Green London skyscraper goes under construction

New London high rise goes under construction and is greener, more sustainable and healthier than London’s existing skyscrapers

Developer Lipton Rogers and architect PLP have released final designs for the proposed tower at 22 Bishopsgate in the City of London. The skyscraper will replace the abandoned Pinnacle building and fill an obvious gap at the centre of the City.

Work stopped in 2012 on the previous Pinnacle building scheme with only the foundations, basements and the lift core up to level nine having been completed. Of the existing structure, the foundations and basements will be retained, helping minimise disruption from the new proposal.

New proposals will see a 278m building rising to 62 storeys tall – 10m lower than the previously approved consent.

At the top of the building will be a public viewing gallery, which will have dedicated lifts, be free to the public and sit alongside a two-storey public restaurant and bar. The plans include spaces for meeting and collaboration, as well as a range of cafés, food outlets and a conference centre, complimented with amenities such as a medical centre, library, a wellness suite, and specialised sports facilities.

It will be the first building in London to adopt the new Delos WELL Building Standard. The Delos standard is the world’s first building standard focused exclusively on human health and wellness and assesses people using the building to measure, certify and monitor features that impact health and wellbeing.

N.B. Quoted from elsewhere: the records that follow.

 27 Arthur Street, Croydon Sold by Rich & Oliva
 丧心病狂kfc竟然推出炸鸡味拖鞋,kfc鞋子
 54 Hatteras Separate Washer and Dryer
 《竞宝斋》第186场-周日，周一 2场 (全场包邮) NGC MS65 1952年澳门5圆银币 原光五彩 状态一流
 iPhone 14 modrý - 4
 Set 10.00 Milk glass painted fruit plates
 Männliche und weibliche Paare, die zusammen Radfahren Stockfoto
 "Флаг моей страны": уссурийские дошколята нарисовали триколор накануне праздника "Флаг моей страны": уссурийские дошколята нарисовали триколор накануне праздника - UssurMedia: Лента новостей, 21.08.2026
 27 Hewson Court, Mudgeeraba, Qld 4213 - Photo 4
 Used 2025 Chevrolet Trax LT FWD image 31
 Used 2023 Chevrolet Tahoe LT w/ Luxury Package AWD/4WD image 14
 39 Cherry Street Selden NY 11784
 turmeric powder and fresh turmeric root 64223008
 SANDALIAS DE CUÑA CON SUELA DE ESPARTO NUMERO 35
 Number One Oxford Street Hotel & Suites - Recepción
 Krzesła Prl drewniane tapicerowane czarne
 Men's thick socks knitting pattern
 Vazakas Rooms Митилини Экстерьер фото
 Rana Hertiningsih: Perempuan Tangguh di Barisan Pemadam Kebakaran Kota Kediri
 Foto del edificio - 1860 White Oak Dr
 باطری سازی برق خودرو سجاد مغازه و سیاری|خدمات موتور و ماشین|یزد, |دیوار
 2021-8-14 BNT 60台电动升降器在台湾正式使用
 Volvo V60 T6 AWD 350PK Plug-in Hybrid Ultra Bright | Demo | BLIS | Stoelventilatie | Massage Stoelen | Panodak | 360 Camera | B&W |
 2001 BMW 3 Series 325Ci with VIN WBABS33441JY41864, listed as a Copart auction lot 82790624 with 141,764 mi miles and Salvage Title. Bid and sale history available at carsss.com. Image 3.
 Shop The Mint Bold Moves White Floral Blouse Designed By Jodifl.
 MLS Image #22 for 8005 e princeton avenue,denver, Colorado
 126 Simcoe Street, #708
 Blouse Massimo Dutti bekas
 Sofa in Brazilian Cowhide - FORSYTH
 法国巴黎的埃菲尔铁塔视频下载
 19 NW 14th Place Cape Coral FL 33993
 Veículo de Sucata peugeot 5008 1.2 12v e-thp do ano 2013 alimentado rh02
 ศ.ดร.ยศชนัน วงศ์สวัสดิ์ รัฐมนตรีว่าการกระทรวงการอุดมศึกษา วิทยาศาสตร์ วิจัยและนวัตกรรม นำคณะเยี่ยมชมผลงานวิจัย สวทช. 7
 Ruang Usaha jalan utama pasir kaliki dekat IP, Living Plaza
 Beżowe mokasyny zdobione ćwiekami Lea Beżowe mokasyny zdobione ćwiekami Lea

In addition to its exceptional accessibility by public transport, 22 Bishopsgate, will achieve a BREEAM Excellent sustainability certification and a 25 percent carbon saving compared to the previous scheme, partly due to the triple glazed ultra-efficient façade.

Construction will involve an off-site consolidated delivery centre to minimise vehicle movements to the site – reducing pollution, improving security and diminishing the number of cyclist accidents with HGVs.

Supplies to and waste from the building will be delivered to a consolidation centre outside central London and energy efficient vehicles will then make far fewer deliveries to the site outside peak pedestrian movement and rush hour times.

An exhibition is to be held on site at 22 Bishopsgate and comes ahead of the anticipated submission of a new planning application later this summer.